_WHAT YOU HAVE TO DO_.
Starting at the line that contains "8月第三周鸡蛋行情高位运行", repeat each line exactly until the records end, keeping both the first and the last.

_PROVIDED RECORDS_.

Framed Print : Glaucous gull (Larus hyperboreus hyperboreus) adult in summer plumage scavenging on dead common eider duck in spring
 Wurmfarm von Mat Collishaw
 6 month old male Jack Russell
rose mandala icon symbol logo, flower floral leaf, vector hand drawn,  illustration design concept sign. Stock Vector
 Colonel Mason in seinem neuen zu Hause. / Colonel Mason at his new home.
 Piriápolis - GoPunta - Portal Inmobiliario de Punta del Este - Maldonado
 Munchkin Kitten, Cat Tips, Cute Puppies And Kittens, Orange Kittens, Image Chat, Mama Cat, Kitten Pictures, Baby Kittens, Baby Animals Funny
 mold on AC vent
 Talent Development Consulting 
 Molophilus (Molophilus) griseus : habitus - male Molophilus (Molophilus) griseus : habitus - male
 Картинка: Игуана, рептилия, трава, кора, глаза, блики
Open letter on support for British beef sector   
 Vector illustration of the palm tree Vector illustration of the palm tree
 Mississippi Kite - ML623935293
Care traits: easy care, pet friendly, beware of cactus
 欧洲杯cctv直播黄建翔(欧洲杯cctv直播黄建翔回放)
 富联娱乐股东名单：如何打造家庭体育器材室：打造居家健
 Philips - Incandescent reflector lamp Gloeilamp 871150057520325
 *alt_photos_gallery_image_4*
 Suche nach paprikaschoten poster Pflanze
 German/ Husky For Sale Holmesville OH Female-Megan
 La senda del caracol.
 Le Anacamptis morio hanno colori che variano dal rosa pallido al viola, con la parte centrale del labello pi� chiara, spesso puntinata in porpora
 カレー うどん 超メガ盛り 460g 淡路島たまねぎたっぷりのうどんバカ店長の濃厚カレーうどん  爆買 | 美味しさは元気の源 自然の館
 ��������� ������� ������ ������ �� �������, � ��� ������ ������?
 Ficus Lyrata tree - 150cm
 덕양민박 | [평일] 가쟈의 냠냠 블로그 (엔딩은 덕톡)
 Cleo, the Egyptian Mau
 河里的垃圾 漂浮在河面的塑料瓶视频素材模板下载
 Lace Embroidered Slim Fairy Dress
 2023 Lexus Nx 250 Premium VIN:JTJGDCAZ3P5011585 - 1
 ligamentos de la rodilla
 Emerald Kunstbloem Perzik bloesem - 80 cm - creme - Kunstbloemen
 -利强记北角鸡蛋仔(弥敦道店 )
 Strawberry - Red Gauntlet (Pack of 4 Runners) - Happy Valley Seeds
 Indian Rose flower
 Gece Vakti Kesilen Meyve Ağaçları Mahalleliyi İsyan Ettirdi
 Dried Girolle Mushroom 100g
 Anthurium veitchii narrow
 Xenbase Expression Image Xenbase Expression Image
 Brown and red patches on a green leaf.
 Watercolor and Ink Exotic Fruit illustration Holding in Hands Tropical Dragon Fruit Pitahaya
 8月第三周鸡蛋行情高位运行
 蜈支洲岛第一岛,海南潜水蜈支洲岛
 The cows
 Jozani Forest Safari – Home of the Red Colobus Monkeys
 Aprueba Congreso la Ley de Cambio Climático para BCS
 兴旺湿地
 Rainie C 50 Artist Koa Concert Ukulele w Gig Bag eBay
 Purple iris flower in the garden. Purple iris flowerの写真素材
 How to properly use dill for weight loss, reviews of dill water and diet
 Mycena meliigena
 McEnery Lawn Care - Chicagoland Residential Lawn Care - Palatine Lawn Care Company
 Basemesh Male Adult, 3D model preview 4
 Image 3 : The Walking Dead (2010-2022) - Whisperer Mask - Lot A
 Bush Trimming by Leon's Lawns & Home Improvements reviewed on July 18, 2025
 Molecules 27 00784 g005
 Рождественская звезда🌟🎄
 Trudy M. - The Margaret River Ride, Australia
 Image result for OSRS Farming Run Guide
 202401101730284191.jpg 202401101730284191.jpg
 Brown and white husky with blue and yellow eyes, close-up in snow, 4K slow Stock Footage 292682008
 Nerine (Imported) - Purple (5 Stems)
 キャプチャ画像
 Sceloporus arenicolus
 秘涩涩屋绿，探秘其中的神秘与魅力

_OUTPUT_.
 8月第三周鸡蛋行情高位运行
 蜈支洲岛第一岛,海南潜水蜈支洲岛
 The cows
 Jozani Forest Safari – Home of the Red Colobus Monkeys
 Aprueba Congreso la Ley de Cambio Climático para BCS
 兴旺湿地
 Rainie C 50 Artist Koa Concert Ukulele w Gig Bag eBay
 Purple iris flower in the garden. Purple iris flowerの写真素材
 How to properly use dill for weight loss, reviews of dill water and diet
 Mycena meliigena
 McEnery Lawn Care - Chicagoland Residential Lawn Care - Palatine Lawn Care Company
 Basemesh Male Adult, 3D model preview 4
 Image 3 : The Walking Dead (2010-2022) - Whisperer Mask - Lot A
 Bush Trimming by Leon's Lawns & Home Improvements reviewed on July 18, 2025
 Molecules 27 00784 g005
 Рождественская звезда🌟🎄
 Trudy M. - The Margaret River Ride, Australia
 Image result for OSRS Farming Run Guide
 202401101730284191.jpg 202401101730284191.jpg
 Brown and white husky with blue and yellow eyes, close-up in snow, 4K slow Stock Footage 292682008
 Nerine (Imported) - Purple (5 Stems)
 キャプチャ画像
 Sceloporus arenicolus
 秘涩涩屋绿，探秘其中的神秘与魅力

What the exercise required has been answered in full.